I recommend reading this article in Foreign Policy on Glencore. While it is short on analysis and focuses instead on personalities, it offers a good summary of many practices in the commodities business, from bribery and corruption to gangsterism and sanctions busting. It is notable how having a secure base in the imperial heartlands (US, UK, Switzerland), with ready access to politicians, cash and markets can combine to make these guys billionaires with relative ease.
Glencore’s founder, Marc Rich, was indicted on tax evasion and other charges in the US in 1983, but he had managed to flee to Switzerland shortly before. In 2001, on his last day in office, President Clinton took time out from photo calls to pardon Rich. Former Israeli Prime Minister Ehud Barak was among those lobbying Clinton on Rich’s behalf.

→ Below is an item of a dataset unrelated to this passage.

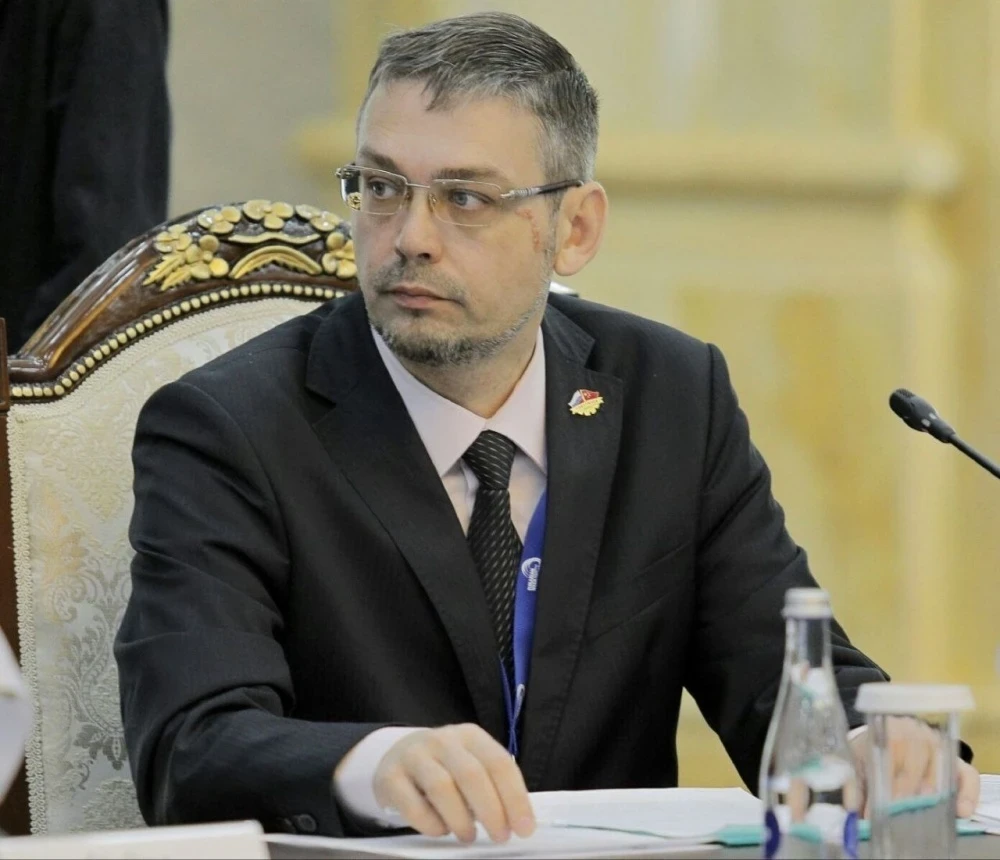 "Риск аймагындагы логистика": Эксперт Андрей Белов Кыргыз Республикасынын Президентине кайрылды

Information from a recent prospectus showed that Glencore ‘controlled more than half the international tradable market in zinc and copper and about a third of the world's seaborne coal; was one of the world's largest grain exporters, with about 9 percent of the global market; and handled 3 percent of daily global oil consumption … It recently announced a $90 billion takeover of Xstrata, a global mining giant [another FTSE100 company] in which it already holds a 34 percent stake … Glencore already trades, manufactures, refines, ships, or stores at least 90 commodities in some three dozen countries’.
Glencore is interesting in that it straddles the industrial, commercial and financial dimensions of monopoly capitalism. As the Foreign Policy report indicates, its profitability has been boosted by its own form of predatory behaviour, using its close links with agents, particularly in Africa and Eastern Europe, who could secure lucrative local deals.